The following case study research is showing this accuracy drop against the model compression ratio. The research has sourced over 81 papers based on deep neural network pruning. They have categorized these pruning methods under four main categories.
- Global Weight prunning
- Layer Wise Weight Prunning
- Global Gradient prunning
- Layer Wise Gradient Prunning
- Random Prunning
Refer to the following Compression ratio Vs Accuracy chart. The model used in this case is a VGG-16 trained with Cifar 10 dataset.
One thing common to all the pruning methods is that after a certain compression threshold the compressed model accuracy starts to decrease significantly. Moreover, Random Pruning seems to be the worst pruning method to come by.
Do we need more research for Edge AI?
Do we have sufficient research done for Edge AI? The simple answer is No. Although improving accuracy in Edge AI models is one of the highly researched areas, the research gap is still visible as the Increasing demand for real-time edge ai applications seems to keep increasing!
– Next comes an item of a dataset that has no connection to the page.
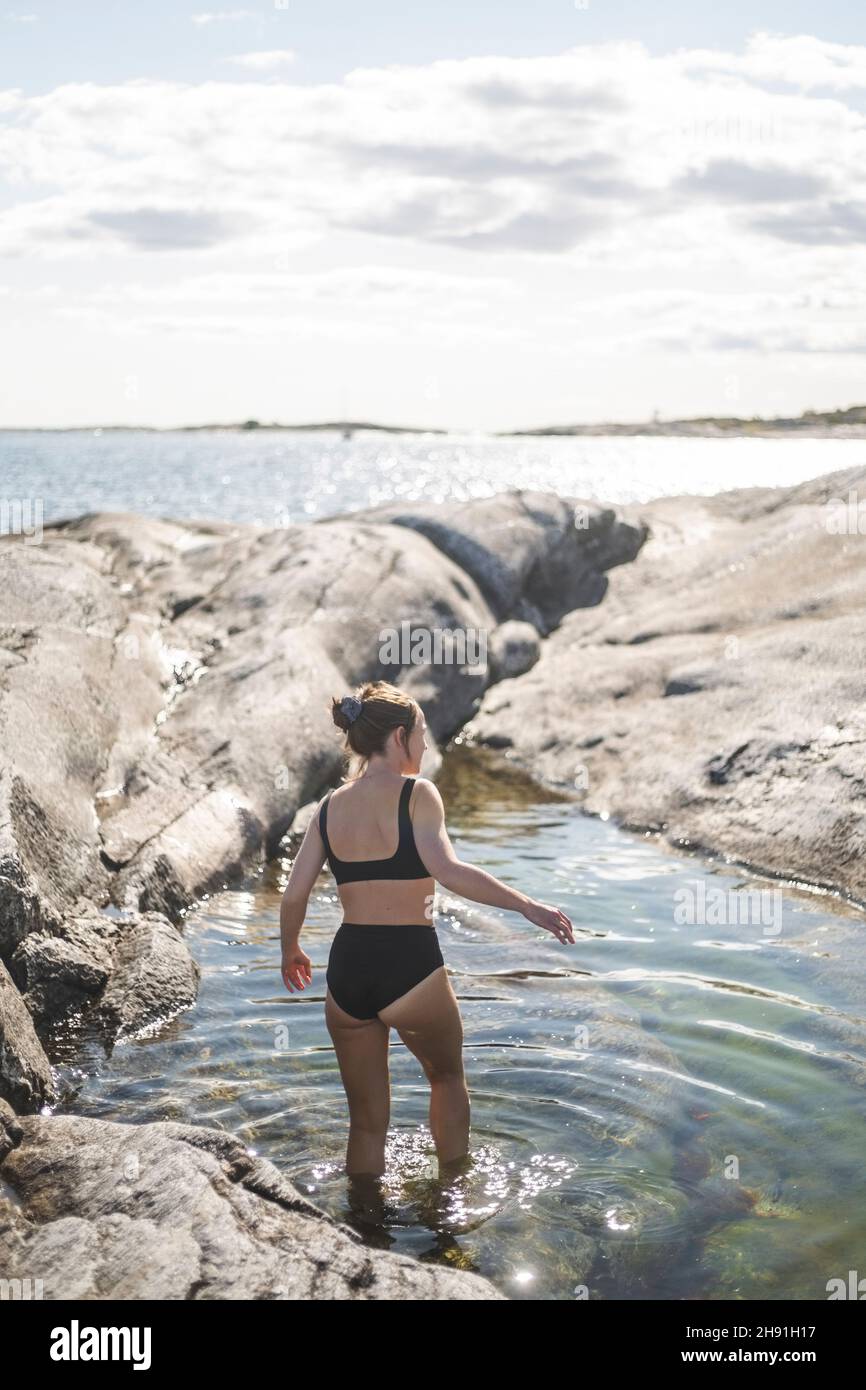 Femme adulte de taille moyenne marchant en mer pendant les vacances Banque D'Images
Undoubtedly, there is very successful research out there with very practical solutions, but these solutions highly depend on the platform, the model, and the addressed scenario. For example, one researcher may come up with a highly compressed VGG-16 model for a specific drone model to help with drone surveillance. But this specific implementation may not work the same in another drone model with a completely different set of hardware resources. On the other hand, the model might become completely irrelevant if you want to implement a mobile application with it.
There are impressive compressed deep neural network models such as MobileNet, SqueezeNet. But again, if you want a perfect Edge AI model for a specific scenario with its own set of resources and platforms there’s nothing much to do other than conducting your own research and start from scratch.